Legazpi, Albay Airport | MyAngel Photography |
What happened? These two words bother my mind for weeks now. What happened to you dear self?
As I look back to those years I spent my graduate studies, I still couldn't believe I survived the hectic schedules and activities. Yes! I've been really busy with lots of reflection papers, case studies, orals, exams, and research but I never did lose heart because I believed I will be able to pass the ordeal and will finally focus on what I really love doing which is Photography.
Photography was my motivation ever since I entered the walls of Graduate School. And though I had my class schedules I still managed to cut-classes for photography's sake. I had attended seminars and did grab photo session opportunities. There were also photo programs I failed to attend because of the demand of my studies. I declined offers too and promised to make it up after my graduation. I had so much energy, passion, and perseverance back then.
Fast forward to now, I already passed what has required of me. I already graduated together with my BFFs. Now I that I already achieved my Master's Degree, I'm over with those tiring yet exciting Saturdays. I never have to wake up early which turned out to be the very unproductive weekends of my life. I wanted to do something but lack the passion for doing so. I've got all the time, but I still failed. I really feel sorry for my old passionate self for not fulfilling the dream, for now.
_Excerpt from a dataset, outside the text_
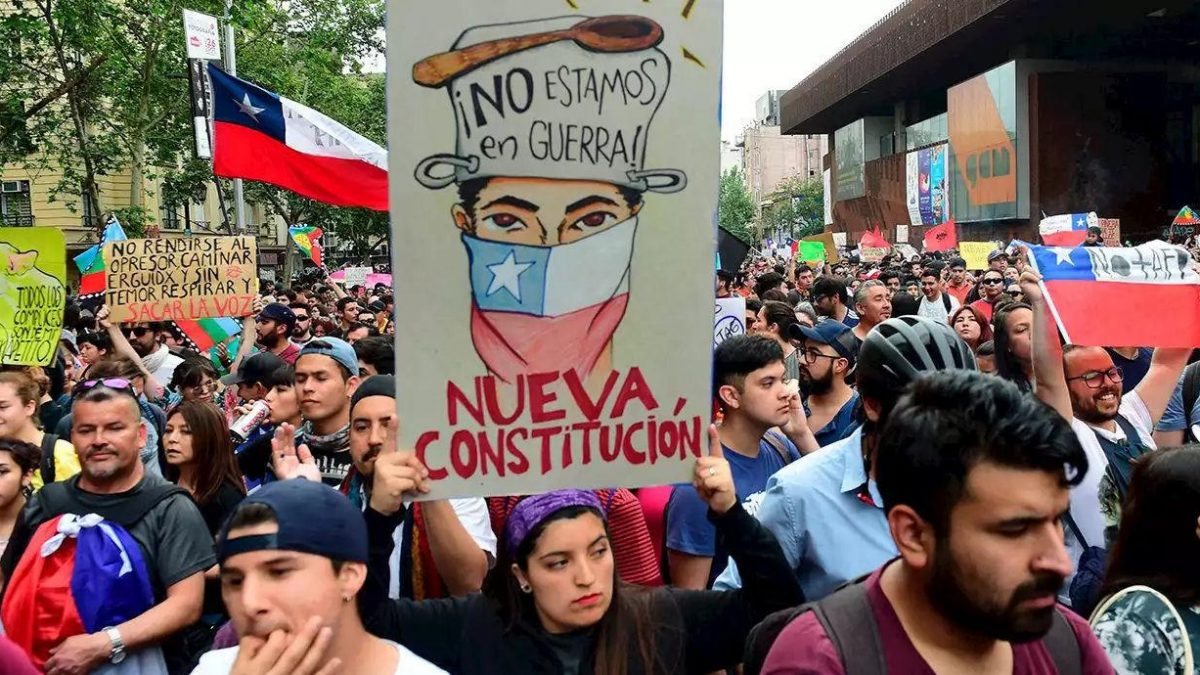 Ultradireita brasileira promove terrorismo ideológico espalhando mentiras sobre a Constituinte no Chile – por Jeferson Miola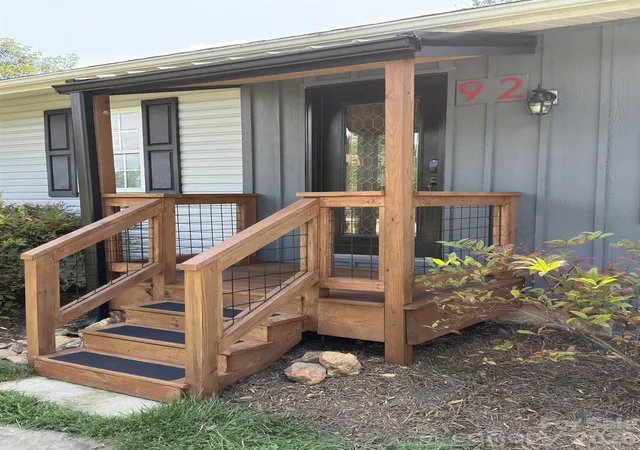 Photo 3 of Single family home for sale at 92 Salem Rd, Weaverville, NC 28787 | MLS# 4421037 | Listing updated on 2026-09-14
So what actually happened?
Truth is I don't really know. It's like waking up from a wonderful dream. Then found myself longing for those moments, feelings and goals. I am feeling lost now. I wonder where my heart and spirit is. I hope I can make it up to my old self someday. I hope that when that perfect time comes, I can finally say, "dreams do come true." I hope that passion will find its way back someday, somehow. I hope it will be soon.
P.S.
As I am writing this, it is raining really hard outside. Thank you, God, for the comfort. I know it's You.